Therefore we chose to keep the reception and emission in a specific c_server_client_socket class, which can easily be derived. This will now be presented.
2.6 - New protocol implementation
When we implement any protocol (HTTP, POP2, or custom protocols), we try to keep the protocol independent part in the general socket classes, and put the protocol specific parts in derived components. In our case
- for the Client, we simply create a c_client_socket descendent to handle the Client part of the chosen protocol
- for the Server:
The UML class diagram shows the derived class at the bottom, below the purple line.
We will illustrate this specialization with the HTPP protocol, implementing a simple server and browser.

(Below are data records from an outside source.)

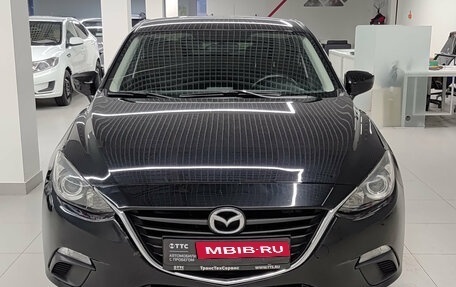 Mazda 3, 2014 год, 1 053 000 рублей, 2 фотография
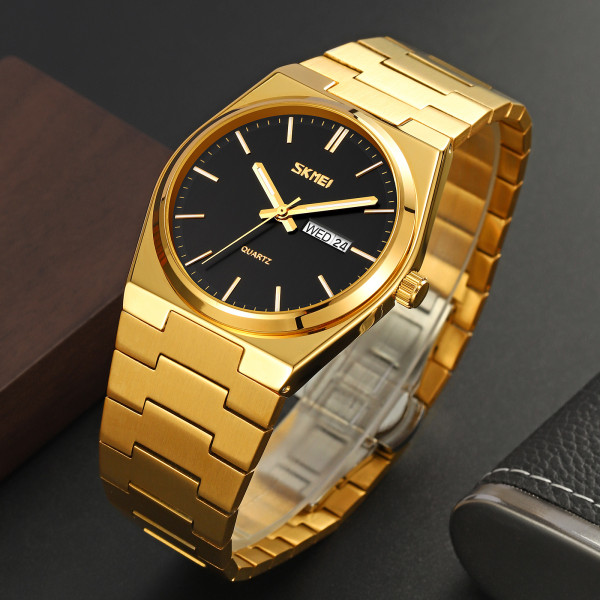 Skmei 9288GDBK Gold-Black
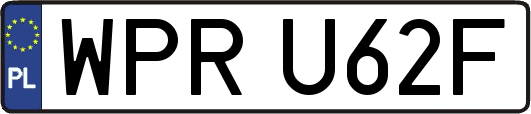 WPRU62F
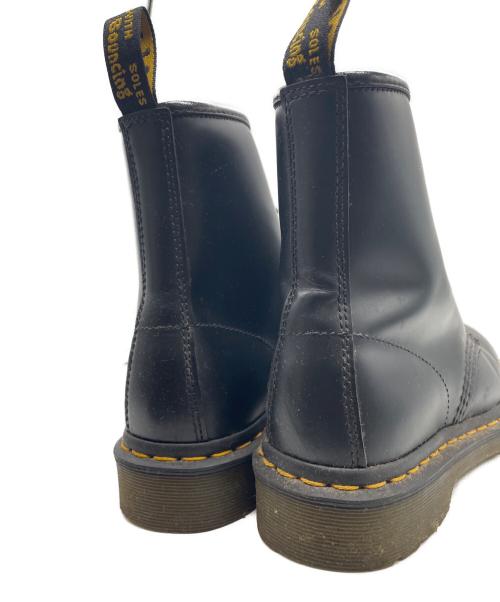 Dr.Martens（ドクターマーチン）Dr.Martens (ドクターマーチン) 8ホールブーツ ブラック サイズ:SIZE US5の古着・服飾アイテム
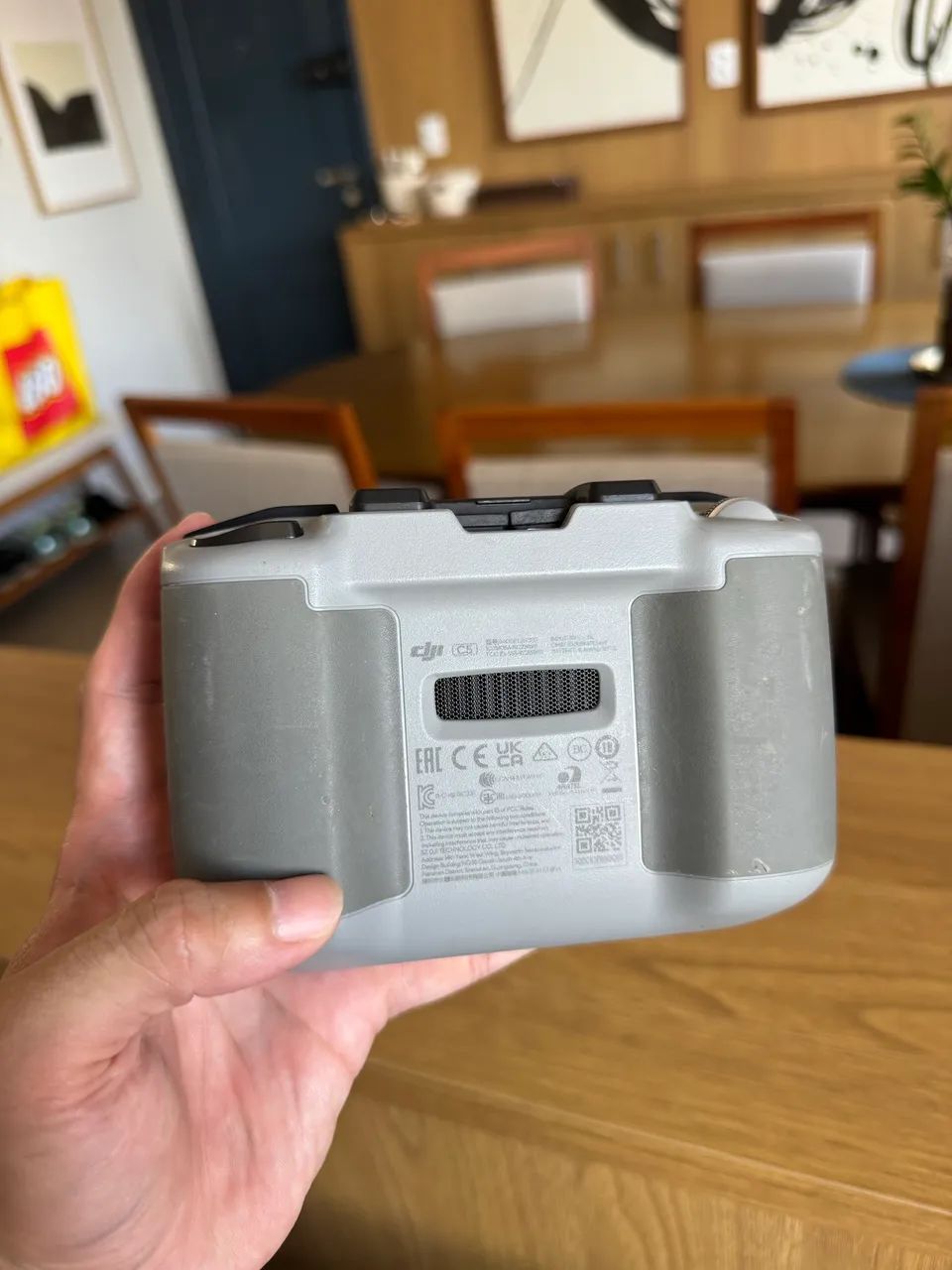 Controle de drone DJI ORIGINAL RCN1 - Foto 3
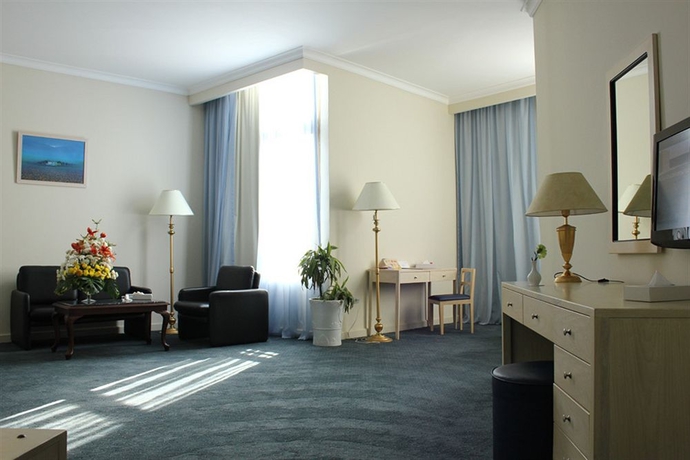 Imagen de los interiores del Hotel Aracan Pyramids. Foto 5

3 - The HTTP Server and the HTTP Client 3.1 - The Browser Our Browser
- selects (in a tFileListBox) a page name
- builds the HTTP request header including the requested page
- sends the request header to the Server
- waits the HTTP answer, and stores it in the c_client_socket buffer
- displays the answer in a tMemo (ASCII display: no outlay font selection, image display etc)
Since the task is so easy, we did not derive a specific c_http_client_socket class, and handled everything in the Browser From.
Here is a snapshot of the browser:
3.2 - The Server The Server receives the page requests and sends the pages to each Client.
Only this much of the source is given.